In my current working environment, we decided to continue to use utf8mb4_general_ci collation, because we were unable to determine (in all cases) whether the duplicates in our data set were simply “character-case” related or whether we would actually experience data loss.
In the future, we expect to be able to “trust” the new collations in mysql 8 to be correct.
We went the extra mile to create a utility based on the following query. The utility finds possible unique key violations using queries like the one I used above.
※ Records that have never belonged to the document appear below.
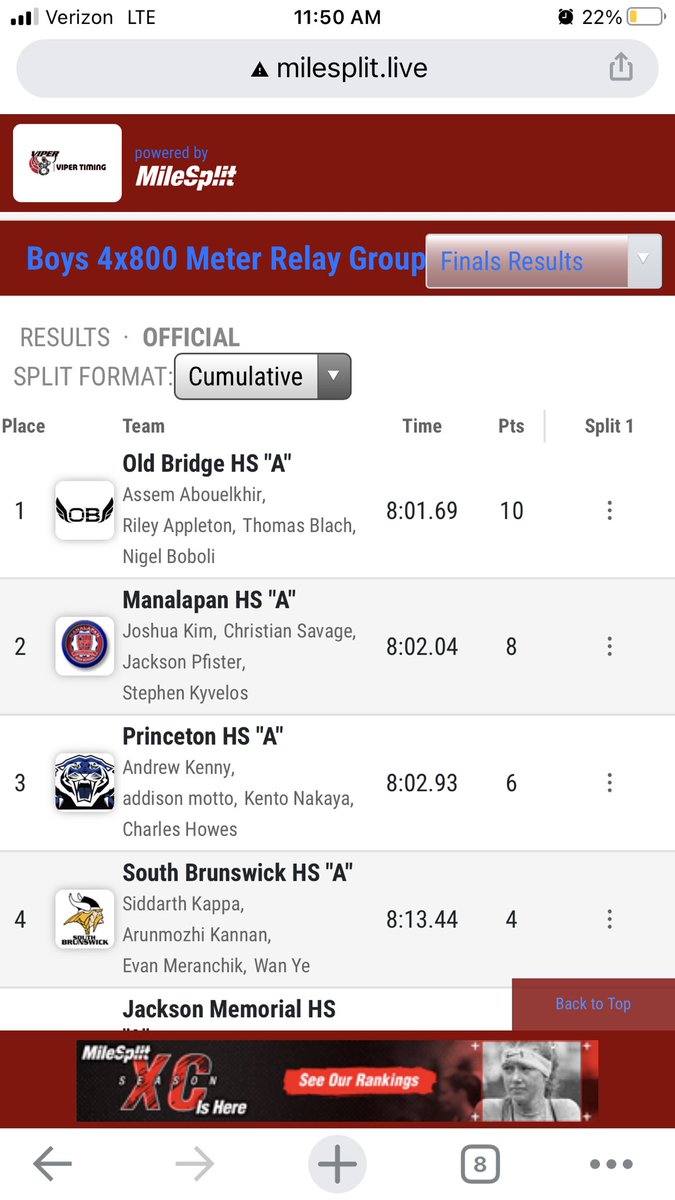 🚨Record Breaker🚨
Boys 4x800 of Sr <a href="/christiansav_/">Christian Savage</a>, Jr <a href="/J_kim1224/">Joshua Kim</a>, So <a href="/KyvelosStephen/">Stephen Kyvelos</a>, and Fr <a href="/Jpfister_31/">Jackson Pfister</a> shatter the record with a time of 8:03.04!! The previous record was 8:05. <a href="/MHSBraves/">Manalapan HS</a> <a href="/MHSBravesSports/">Manalapan Athletics</a> <a href="/njmilesplit/">MileSplit New Jersey</a>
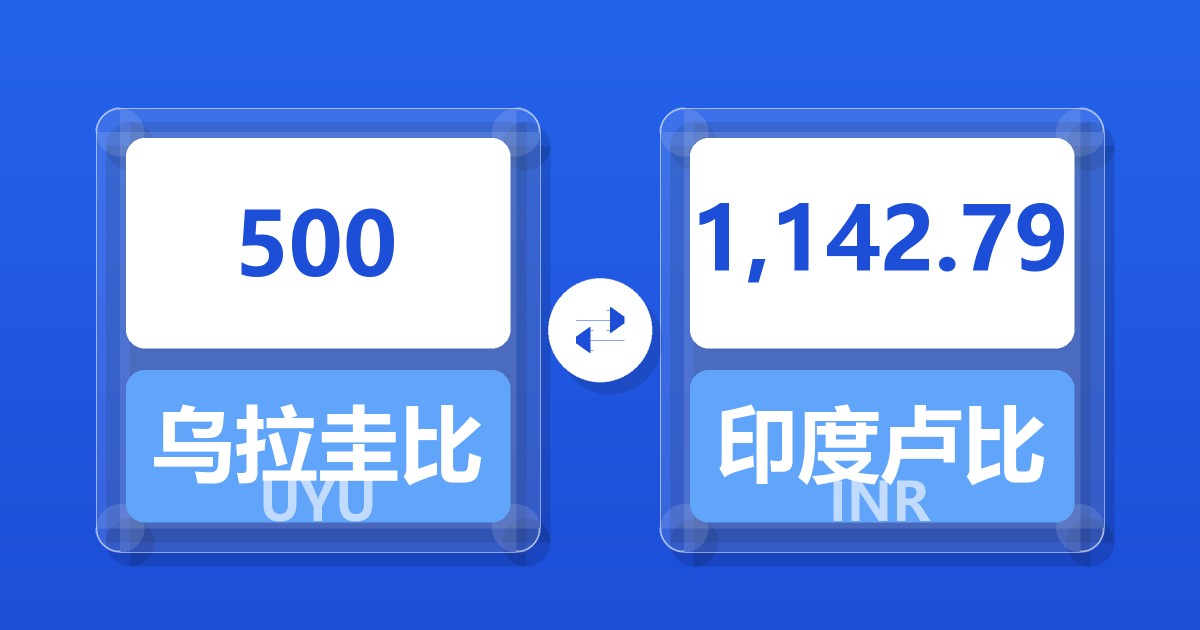 500乌拉圭比索兑印度卢比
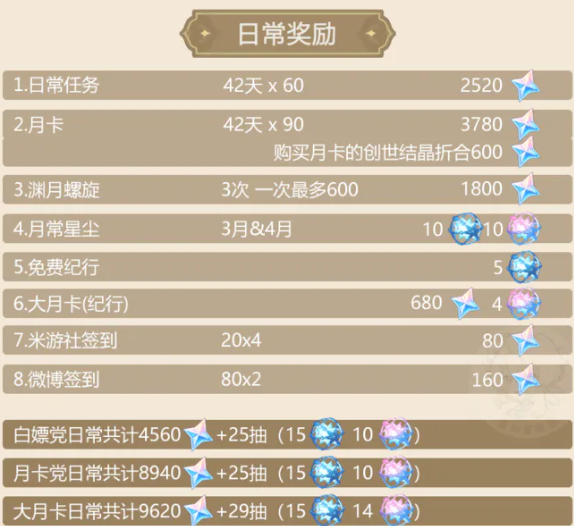 原神3.5版本能获得多少原石 3.5版本原石获取汇总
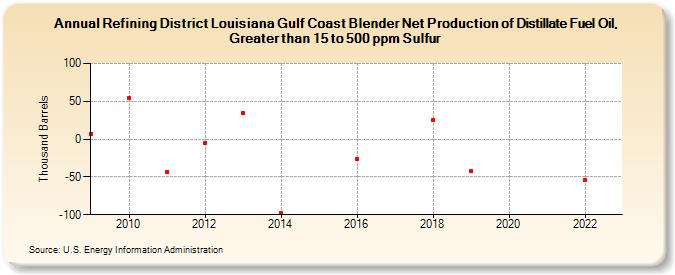 Refining District Louisiana Gulf Coast Blender Net Production of Distillate Fuel Oil, Greater than 15 to 500 ppm Sulfur (Thousand Barrels)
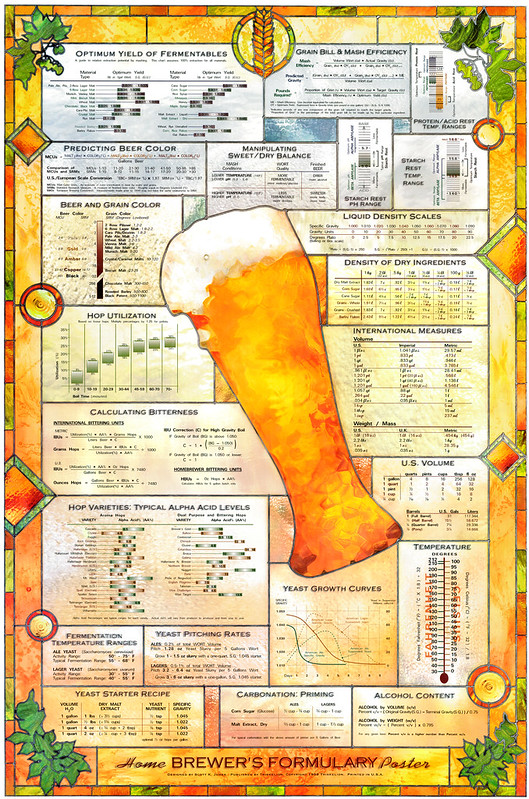 brewers-formulary-11x172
information_schema is your friend:
case when group_concat(c.DATA_TYPE) like '%char%' then 1 else 0 end as contains_char
on tc.CONSTRAINT_SCHEMA = kc.CONSTRAINT_SCHEMA
and tc.CONSTRAINT_NAME = kc.CONSTRAINT_NAME
and tc.TABLE_NAME = kc.TABLE_NAME
on kc.CONSTRAINT_SCHEMA = c.TABLE_SCHEMA
and kc.TABLE_NAME = c.TABLE_NAME
and kc.COLUMN_NAME = c.COLUMN_NAME
tc.CONSTRAINT_SCHEMA = 'your_schema'
and tc.CONSTRAINT_TYPE = 'UNIQUE'
Using the query above and iterating through its results you can build similar SQL statements to the one we used in our test scenario above to discover duplicates, supplying the “collate” in “concat” functions to the char columns. concat() is a great fit, because it allows you to do the same query (
select count(1) as cnt, group_concat(id), concat(col1,'-',col2 collate <test collation>,'-'......) as unk from utf8_test group by unk having cnt > 1;
) for a unique constraint having varying numbers of columns. An additional query to information schema in the loop is required to find which column has the char type.
You can then use the group concatenated IDs in the results to choose “winners and losers”, find dependent rows and update them, delete the losing rows, etc.